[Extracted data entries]
- Opening Delimiter -

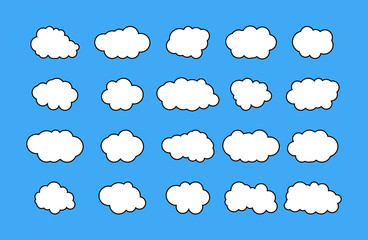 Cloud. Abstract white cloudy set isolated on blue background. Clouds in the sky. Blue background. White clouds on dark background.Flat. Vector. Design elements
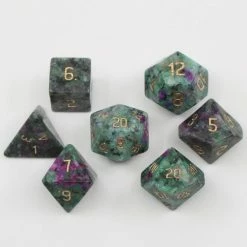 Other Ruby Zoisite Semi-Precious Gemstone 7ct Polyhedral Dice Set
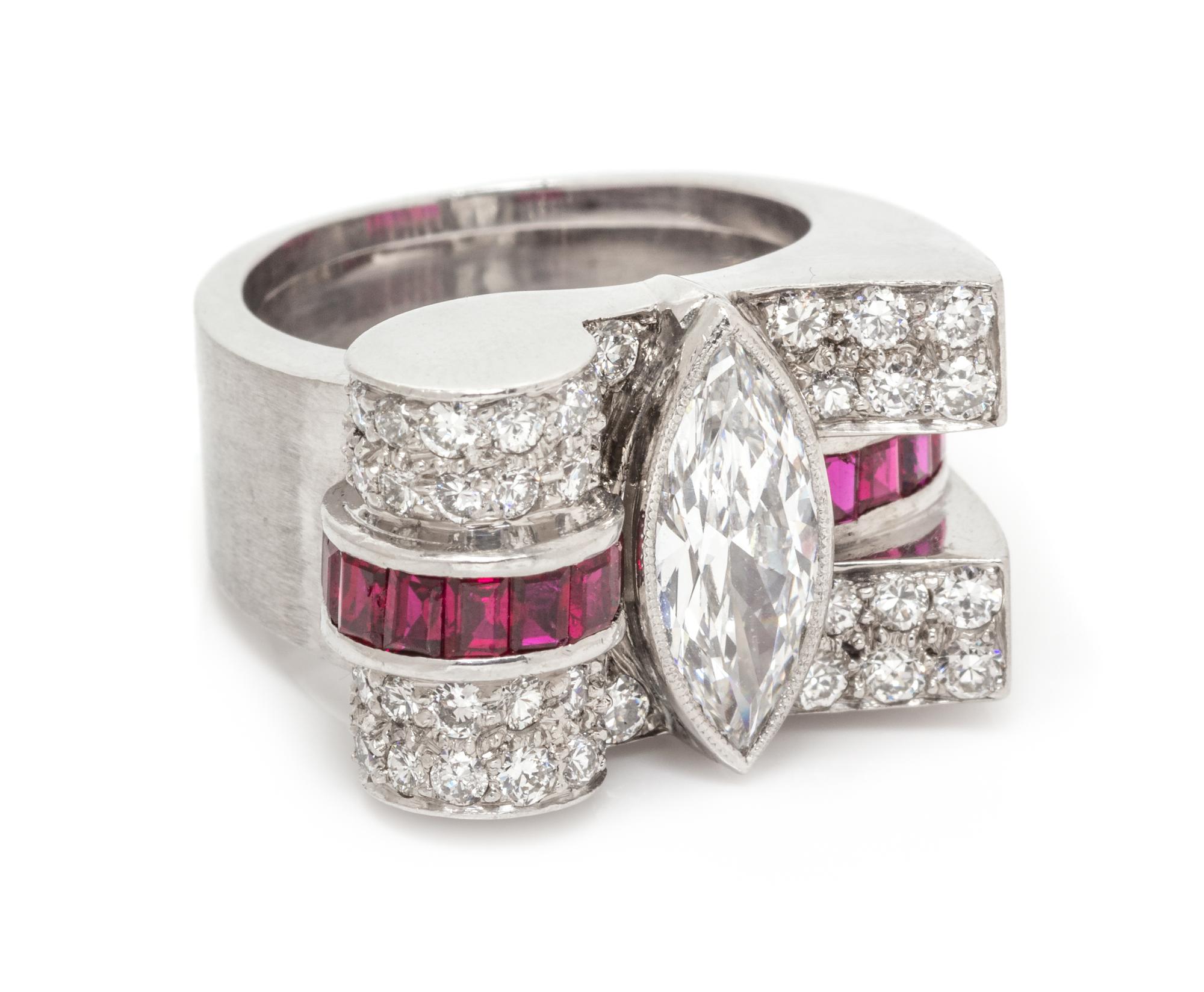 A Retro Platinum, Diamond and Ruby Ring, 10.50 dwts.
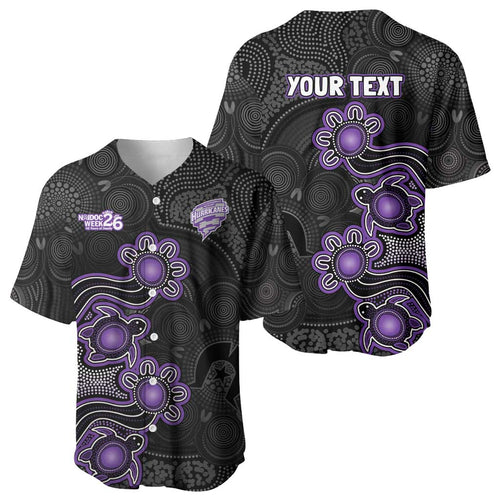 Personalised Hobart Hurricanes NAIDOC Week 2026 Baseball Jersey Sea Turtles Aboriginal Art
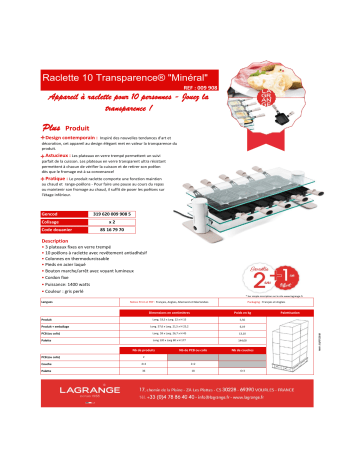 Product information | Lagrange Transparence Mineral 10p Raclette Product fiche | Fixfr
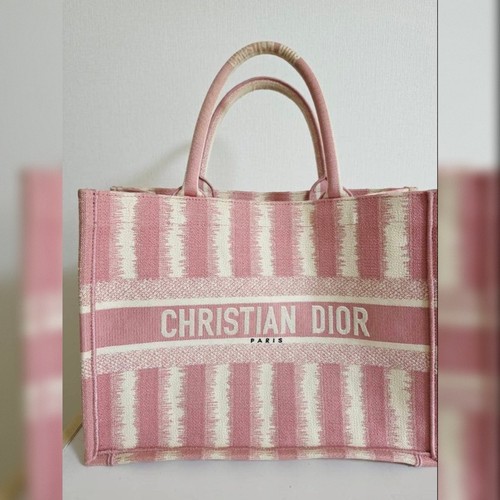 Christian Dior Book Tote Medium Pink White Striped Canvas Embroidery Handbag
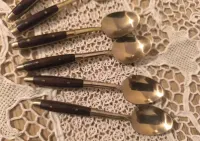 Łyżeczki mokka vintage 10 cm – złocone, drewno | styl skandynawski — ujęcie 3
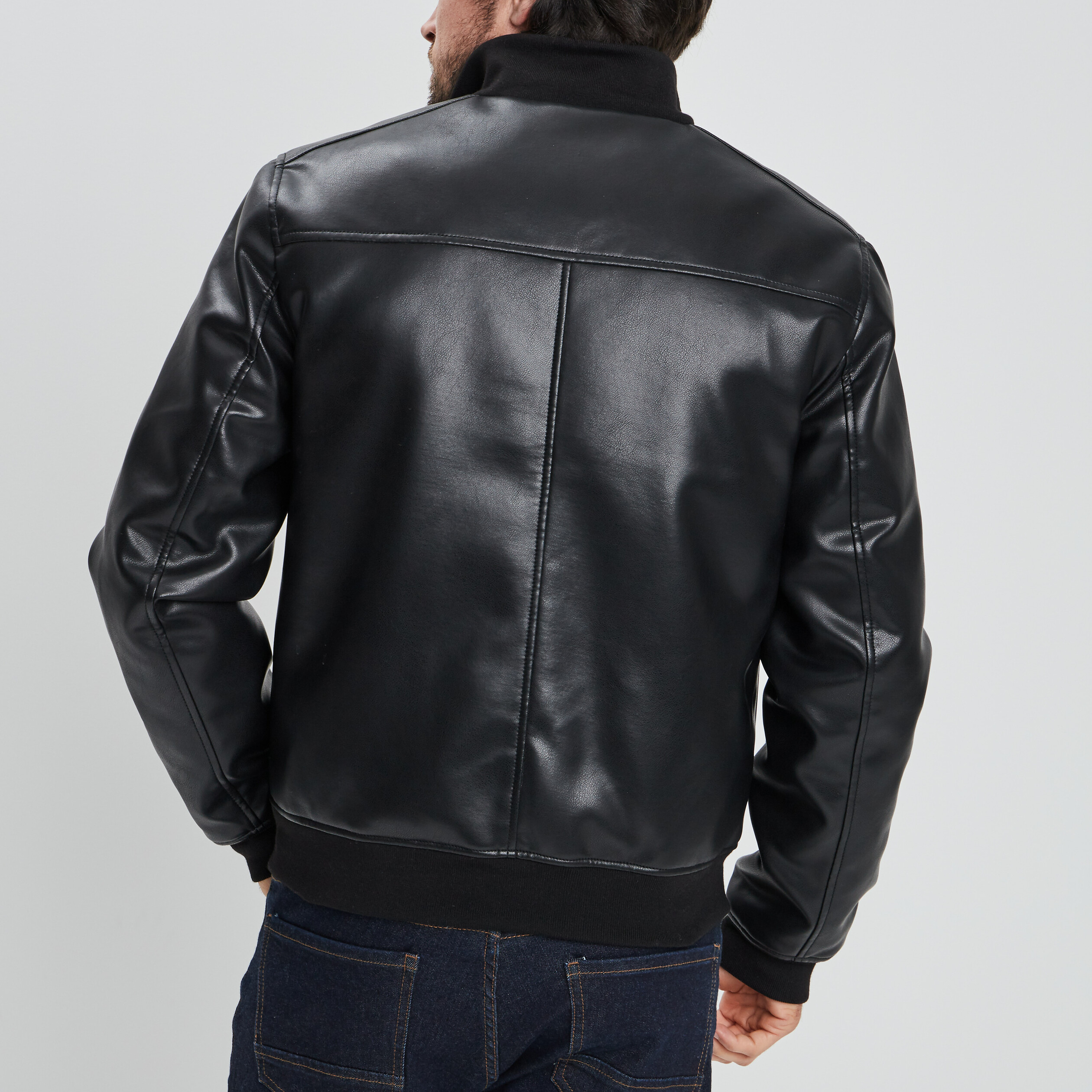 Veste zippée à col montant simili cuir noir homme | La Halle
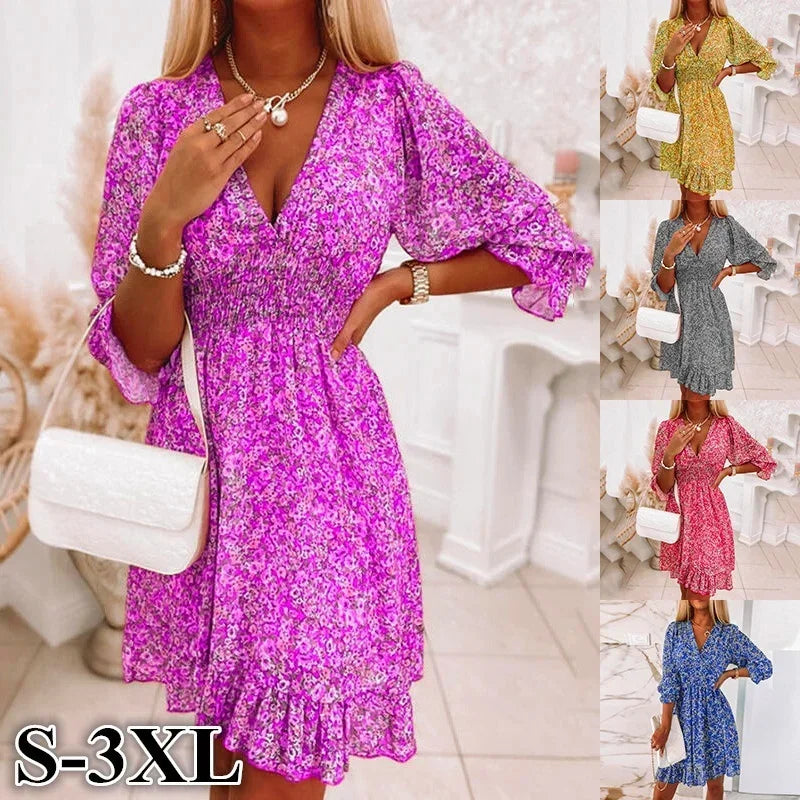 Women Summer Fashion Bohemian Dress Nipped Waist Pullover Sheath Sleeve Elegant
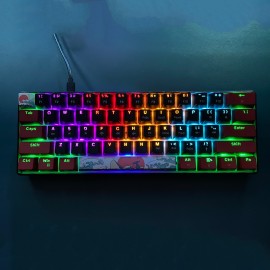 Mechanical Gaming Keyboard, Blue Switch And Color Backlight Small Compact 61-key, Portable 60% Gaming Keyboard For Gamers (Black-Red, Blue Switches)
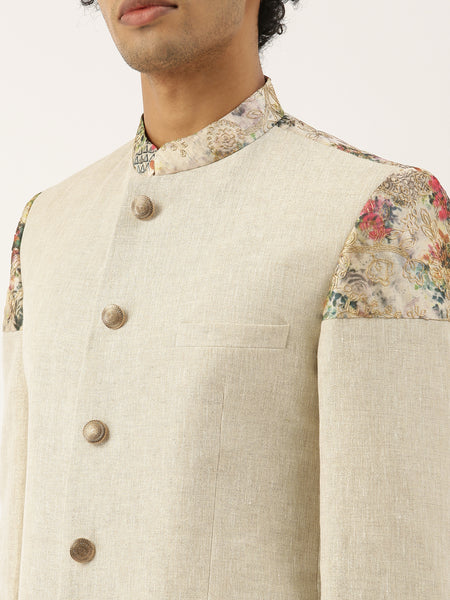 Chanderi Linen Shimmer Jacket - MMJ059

- Closing Delimiter -
- Opening Delimiter -

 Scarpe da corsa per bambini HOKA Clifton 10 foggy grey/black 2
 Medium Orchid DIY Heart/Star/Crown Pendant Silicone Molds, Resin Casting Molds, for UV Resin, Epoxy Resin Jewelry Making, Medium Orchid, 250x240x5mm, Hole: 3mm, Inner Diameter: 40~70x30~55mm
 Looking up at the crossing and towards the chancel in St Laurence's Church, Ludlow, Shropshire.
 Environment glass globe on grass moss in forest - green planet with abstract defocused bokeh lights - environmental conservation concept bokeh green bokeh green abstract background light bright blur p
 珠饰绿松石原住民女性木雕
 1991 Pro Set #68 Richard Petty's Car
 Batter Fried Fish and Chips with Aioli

- Closing Delimiter -

WORK ITEM: From the line that has "Medium Orchid DIY" through the line that has "Looking up at", copy every line exactly as it appears above, and leave out all others.

RESPONSE TO THE TASK:
 Medium Orchid DIY Heart/Star/Crown Pendant Silicone Molds, Resin Casting Molds, for UV Resin, Epoxy Resin Jewelry Making, Medium Orchid, 250x240x5mm, Hole: 3mm, Inner Diameter: 40~70x30~55mm
 Looking up at the crossing and towards the chancel in St Laurence's Church, Ludlow, Shropshire.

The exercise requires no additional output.